What is selective toxicity

Answer 3

Selective toxicity – antibiotics exert their activity by inhibiting
gene products found in bacterial cells, but not in humans
Ideally, such targets are completely absent from human cells (enzymes that make peptidoglycan) or, if present in human cells, possess unique properties in bacteria that can be exploited to confer specificity (ribosomes)
-> Minimize side effects

Question 4

Disinfectants

Answer 4

Toxic to humans and bacteria (e.g. bleach)
Nonspecific effects
Used to eliminate organisms on inanimate objects, surfaces

Question 5

Antiseptics

Answer 5

Generally toxic to bacteria
Nonspecific effects (e.g. protein denaturation)
Too toxic for systemic use in humans (e.g. peroxides, alcohols)
OK for topical use

Question 6

Antibiotics

Answer 6

Target specific cellular processes
Exhibit effects on bacteria but not on humans – selective toxicity
Can be administered systemically

Question 7

Antibiotics can be classified as what two things

Answer 7

bacteriostatic

bacteriocidal

Question 8

bacteriostatic

Answer 8

inhibit growth of bacteria (but do not kill
them) - rely on immune system to eradicate

-number of viable cells doesn’t decrease, but it doesn’t increase. it just stays constant

Question 9

Bacteriocidal

Answer 9

: kill bacteria directly
important for immunocompromised patients, device-associated
infections, endocarditis
-graph would should number of bacteria decreasing

Question 10

pharmacology/bioavailability

Answer 10

Not all antibiotics penetrate all tissues
equally.

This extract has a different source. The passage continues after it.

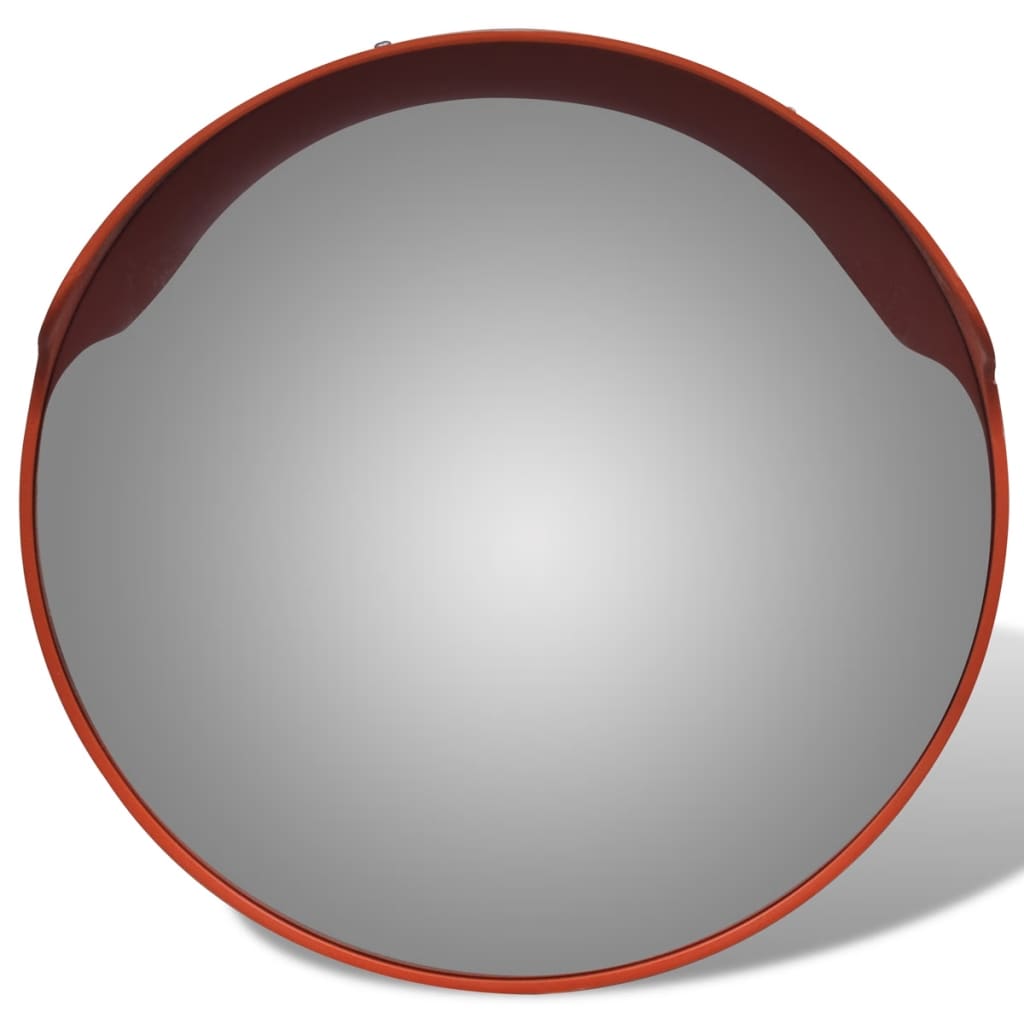8718475925699_g_en_hd_2 Convex Traffic Mirror PC Plastic Orange 45 cm Outdoor - Image 3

To be effective, an antibiotic needs to get to site of infection at
therapeutic levels

Question 11

Spectrum of activity

Answer 11

• the collection of bacterial species that is
  susceptible to a given antibiotic
  -narrow spectrum
  -broad spectrum

Question 12

Narrow spectrum antibiotic

Answer 12

effective against a relatively small group of

bacteria (e.g. aerobic Gram-positive bacteria)

Question 13

Broad spectrum antibiotic

Answer 13

effective against a wide range of bacteria (e.g.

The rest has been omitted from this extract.